Here I am going to do the following:
- Review ENCODE pipelines and comment on the documentation.
- Attempt to run the pipeline with DNA Nexus and Google Cloud
- Also give a try at a biological interpretation of the result
Since I don't want to do this twice, I'm going to write the documentation as I go, and render into a web interface. You can see the documentation at https://vsoch.github.io/wdl-pipelines and my initial notes and suggestions (deprecated) below.
- The pipeline that I found is here and I'm not sure if this is the correct one, because there is another one with the only difference that it's for transcriptome. After seeing links to "instances" on this page, I figured out the pipeline "alien code" has it's own page at this url, but I'm not sure where to go from here (this appears to be a summary of an experiment).
- From the main page I started at, I was able to follow the link to create an account on DNANexus (not knowing what it is).
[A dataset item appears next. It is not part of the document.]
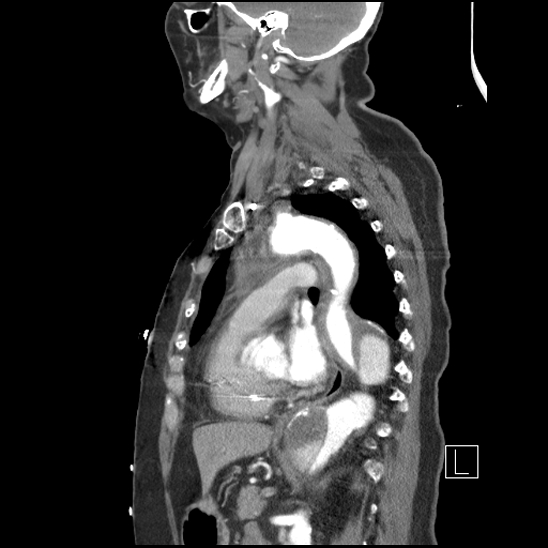 Aortic intramural hematoma with dissection and intramural blood pool (Radiopaedia 77373-89491 D 52).jpg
I am not sure if I need to pay for this on my own (I hope not!). It might make sense for some tutorial to mention what it is, for noobs like me. I'm guessing it's an online platform to run genomics pipelines? Are there group or institution associations?
- I'm reading the same page, and again seeing there are links to "pipeline instances" (the pages with the pipeline identifiers that have tags as "experiment summary.") I'm not sure what an instance refers to, but I like the tag for "Encode Stage 3" because that tells me that (I think) it's something I should be interested in. I typed in this link to match with the code I got to try, and I didn't know where to go from there. This appears to be describing (someone else's experimental data). I went back to the original page.
- Okay, now I'm a bit confused - the first set of links appear to be for different kinds of experiments (that were replicated) and then farther down a description of the pipeline inputs/outputs (this makes sense to have here) and below that a more hidden section with "References" that seem to be publications.
- Where are the "Hey Friend, let's get started!" sections?
- Many people will stumble on a page exactly like this from a search. I'd really like to have steps, found or linked right here, that walk me through how to run this pipeline. It should be in the line of a friendly getting started tutorial, intended for someone like me that hasn't a clue what's going on. Right now I'd just be guessing that I need to dig through a Github repo, or some older publication, or DNANexus (and I don't know what it is) to get started. Coming from someone who has never used this site, it's not clear to me how to get started.
- If the overview "last updated" date is manually done, it might make sense to have an automated date that updates when the docs are last built.
- I've never used these pipelines so I'm not familiar with the coding schema (e.g., ENCSR970FPM). It might make sense to briefly mention this "the alphanumeric string is a unique identifier for..."
I think I'll accomplish more just writing the documentation I'd expect on my own.